DATA EXTRACT:

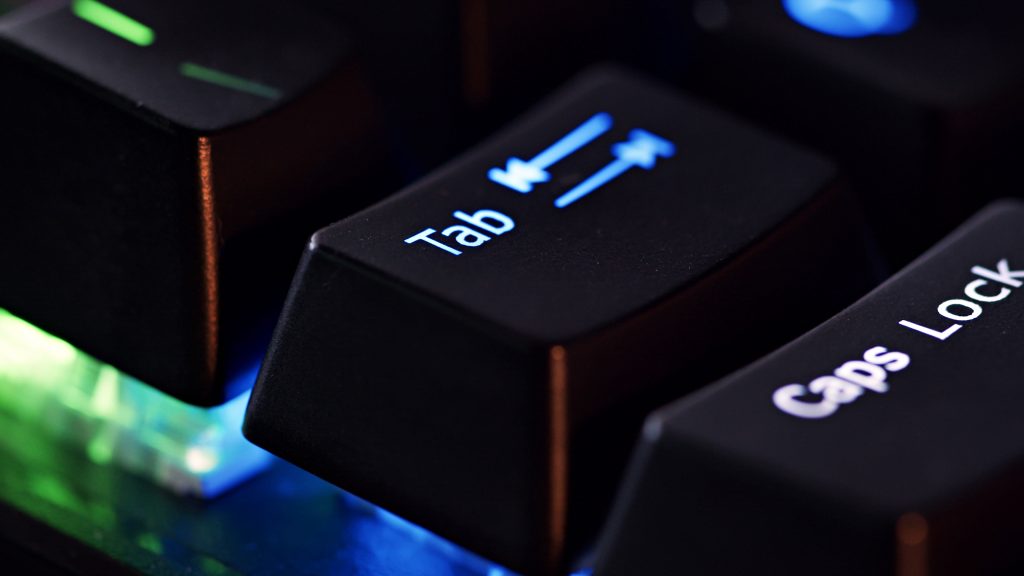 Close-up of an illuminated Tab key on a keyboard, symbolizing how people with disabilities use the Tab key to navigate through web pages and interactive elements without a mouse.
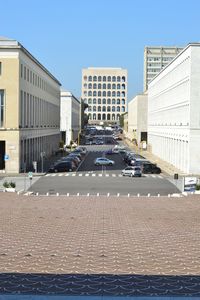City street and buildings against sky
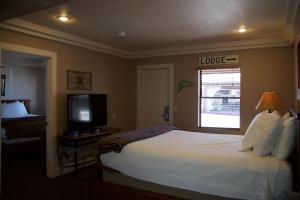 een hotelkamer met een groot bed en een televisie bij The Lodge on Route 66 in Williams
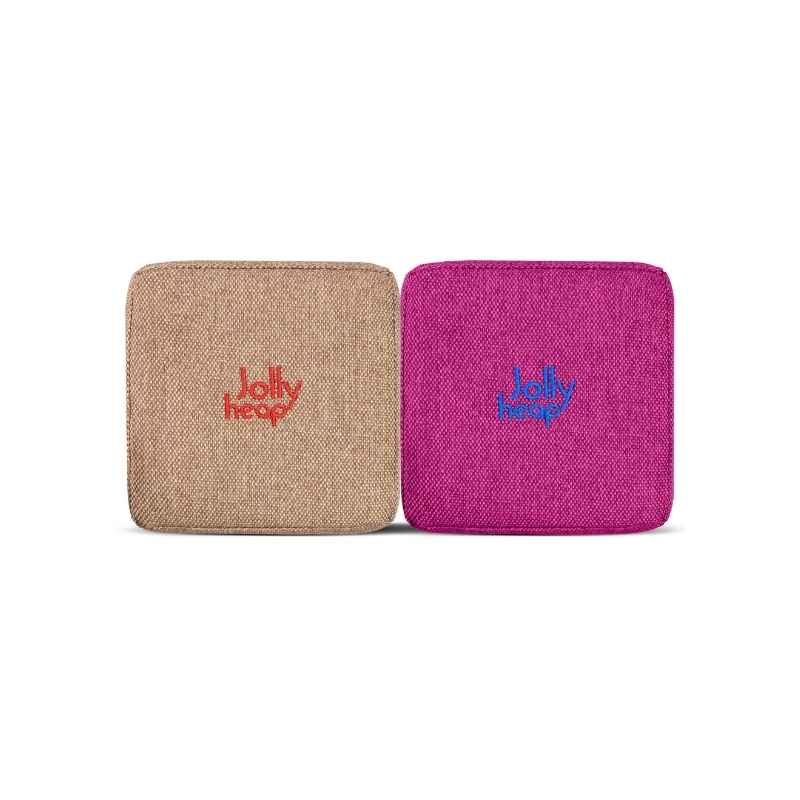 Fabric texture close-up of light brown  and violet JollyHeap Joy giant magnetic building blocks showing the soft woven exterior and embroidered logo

...

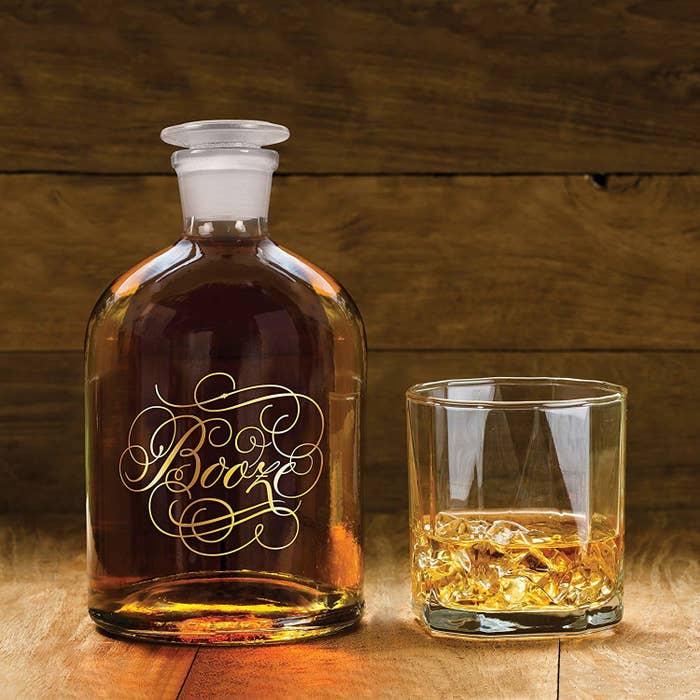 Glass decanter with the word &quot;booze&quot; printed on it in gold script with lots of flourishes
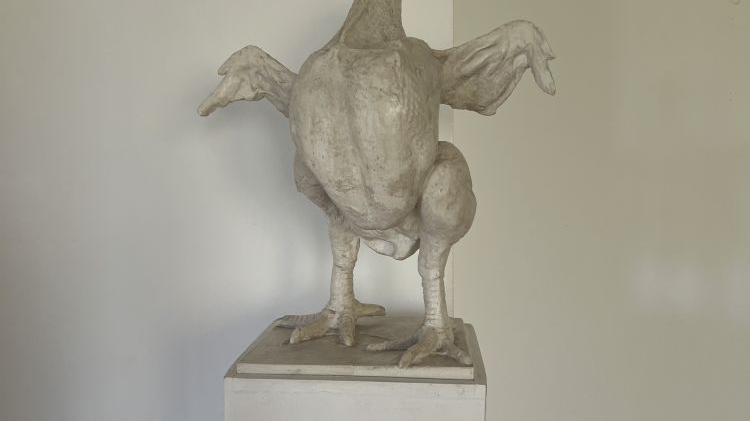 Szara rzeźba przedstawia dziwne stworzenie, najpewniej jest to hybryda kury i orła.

* * *

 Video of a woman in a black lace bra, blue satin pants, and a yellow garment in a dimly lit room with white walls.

WORK ITEM: Would you output only the span of the records above that opens with the line containing "Glass decanter with" and closes with the line containing "Szara rzeźba przedstawia", ends included and pictures dropped?

SOLUTION BELOW:
 Glass decanter with the word &quot;booze&quot; printed on it in gold script with lots of flourishes
 Szara rzeźba przedstawia dziwne stworzenie, najpewniej jest to hybryda kury i orła.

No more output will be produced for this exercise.